= Task requirements =
Could you repeat, exactly and with no pictures, only the lines from the start of the records through the line containing "A guitar sitting"?

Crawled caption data
....
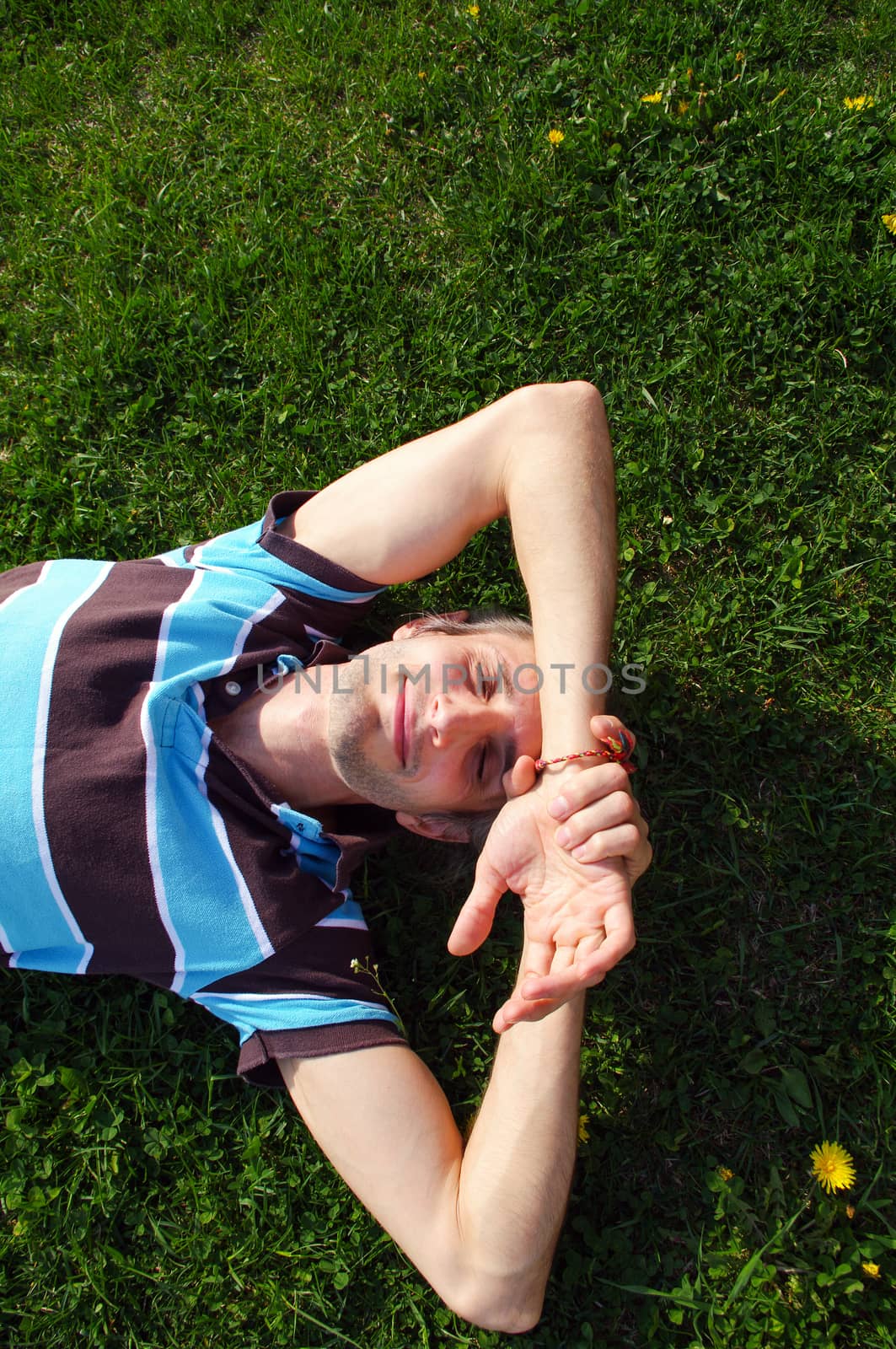 a portrait of a young happy man relaxing on the grass with his hands under the head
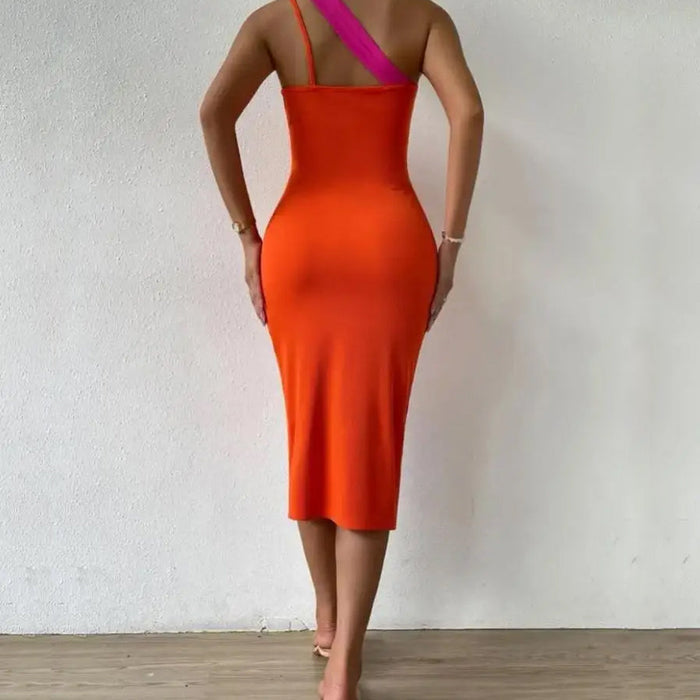 Robe Femme Bodycon Élégante avec Découpe Asymétrique, Manches Longues et Longueur Midi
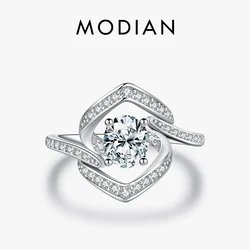 MODIAN 925 Sterling Silver Luxury Sparkling Simulated Diamond Rings For Women Wedding Engagement Statement Band Fine Jewelry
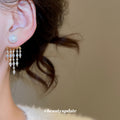 Pearl Stud Earrings With Gold Tone Beaded Fringe Drops view 3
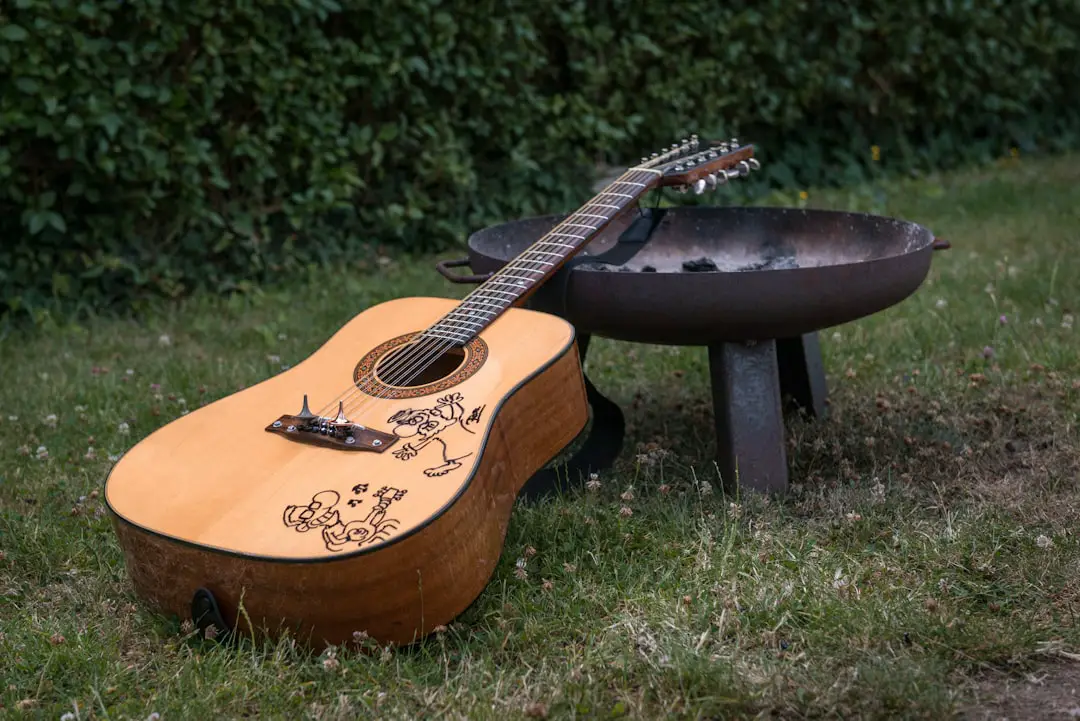 A guitar sitting in the grass next to a fire pit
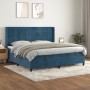 Cama box spring con colchón terciopelo azul oscuro 200x200 cm de vidaXL, Camas y somieres - Ref: Foro24-3132703, Precio: 699,...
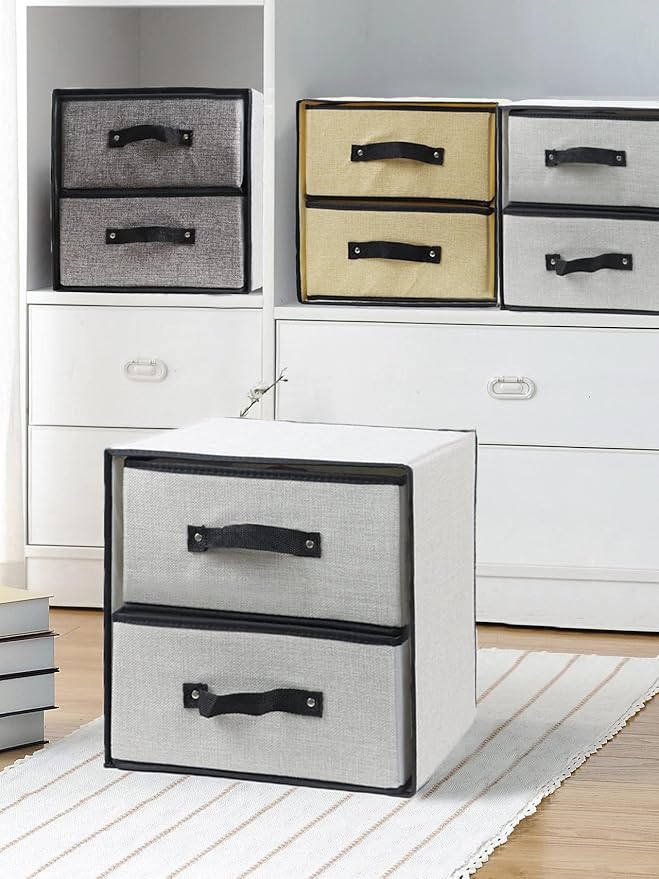Linen Closet Organizer and Storage, Fabric Storage Drawer Organizer with 2 Drawers for Underwear, Sock, Bra, Small Items - Light Gray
....
= Response area =
 a portrait of a young happy man relaxing on the grass with his hands under the head
 Robe Femme Bodycon Élégante avec Découpe Asymétrique, Manches Longues et Longueur Midi
 MODIAN 925 Sterling Silver Luxury Sparkling Simulated Diamond Rings For Women Wedding Engagement Statement Band Fine Jewelry
 Pearl Stud Earrings With Gold Tone Beaded Fringe Drops view 3
 A guitar sitting in the grass next to a fire pit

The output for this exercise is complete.